== Data provided ==
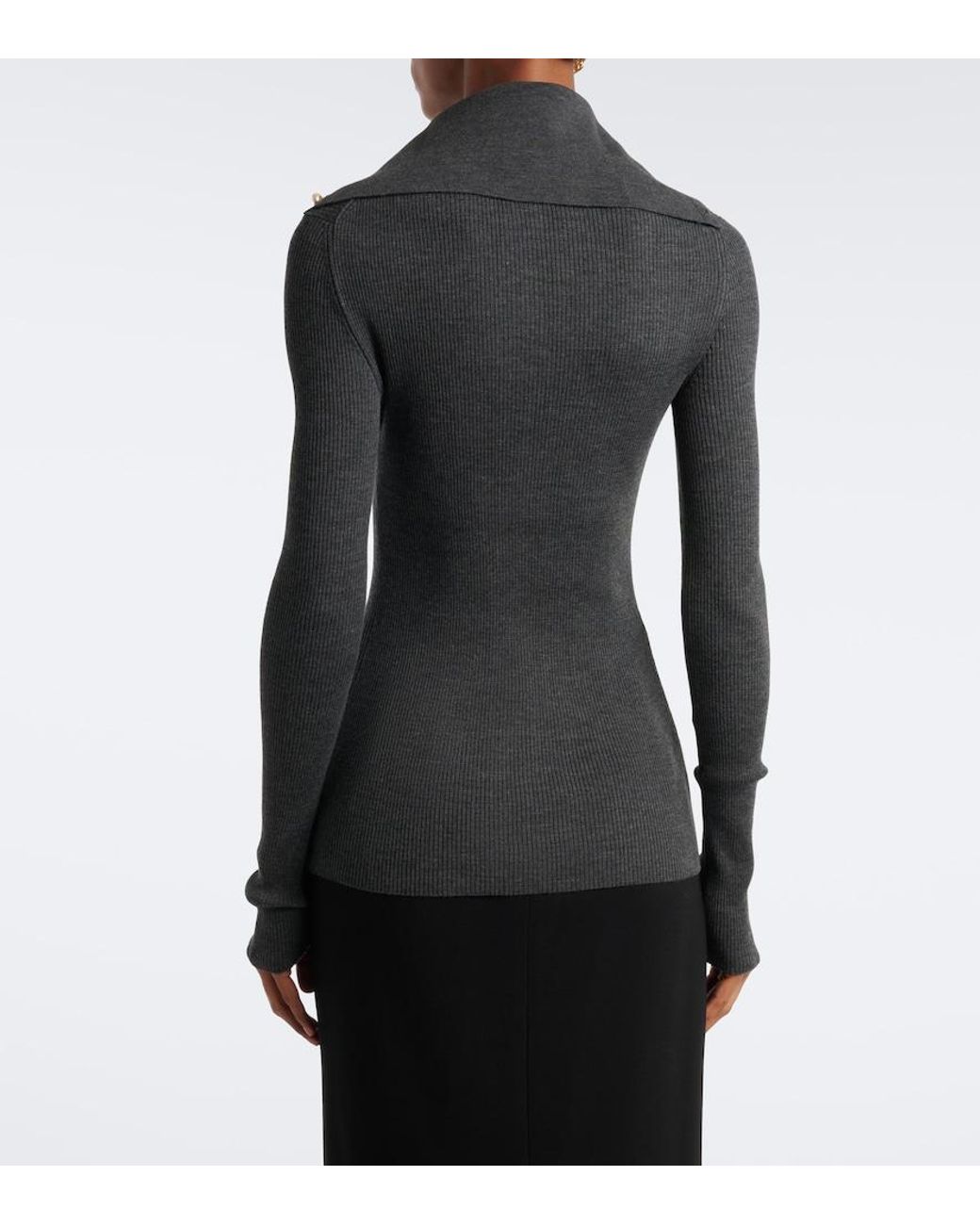 Dolce & Gabbana Black Embellished Ribbed-Knit Wool Cardigan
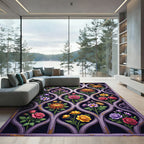 Ornate Lavender Botanical Garden Tile Rug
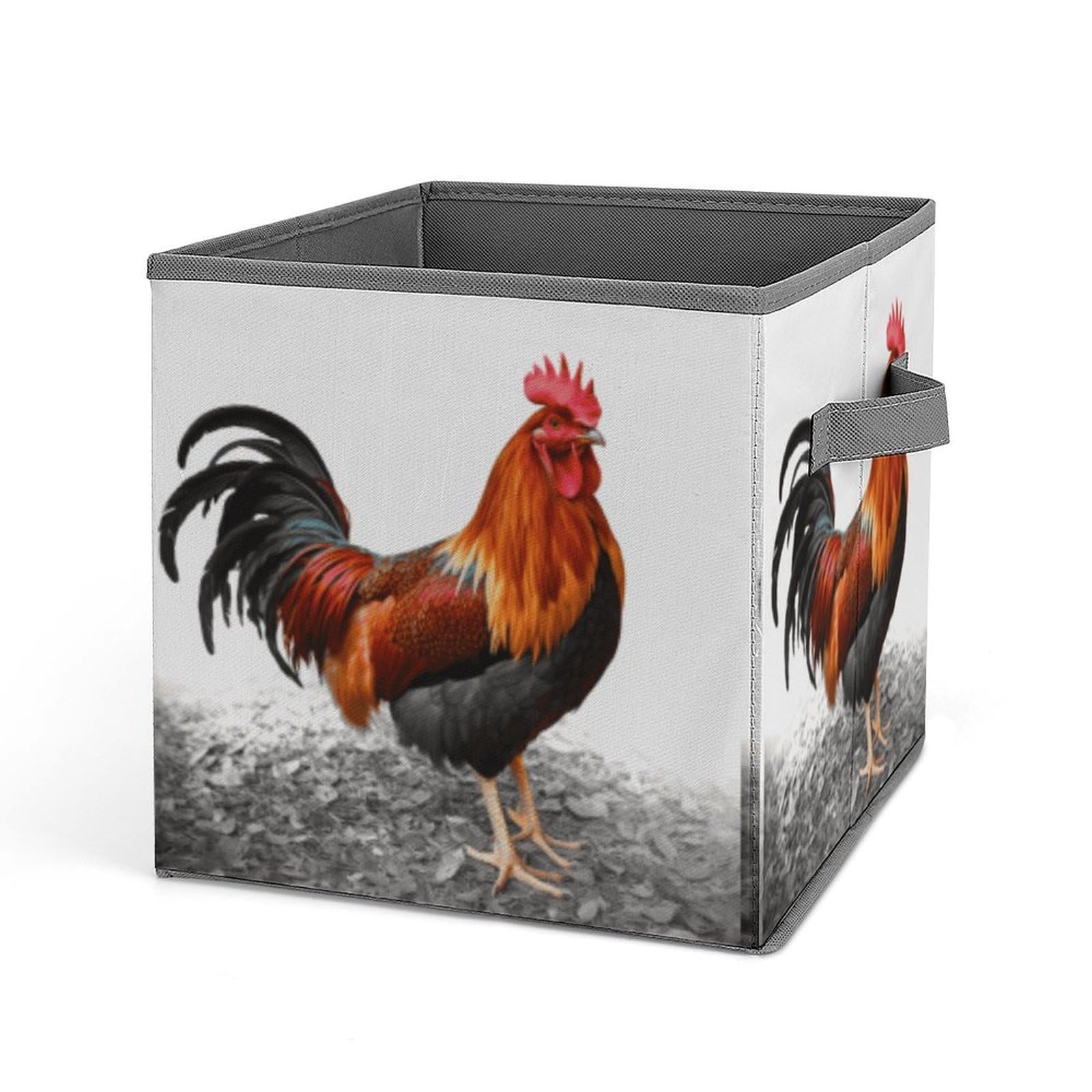 MUSM Chicken Rooster Foldable Storage Box Collapsible Fabric Organizer Large Capacity Folding Storage Bins with Handles for Home Bedroom Closet 10.6 X 10.6 X 10.6 Inches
===
Reproduce the data verbatim and omit each image.

• **Final answer**
 Dolce & Gabbana Black Embellished Ribbed-Knit Wool Cardigan
 Ornate Lavender Botanical Garden Tile Rug
 MUSM Chicken Rooster Foldable Storage Box Collapsible Fabric Organizer Large Capacity Folding Storage Bins with Handles for Home Bedroom Closet 10.6 X 10.6 X 10.6 Inches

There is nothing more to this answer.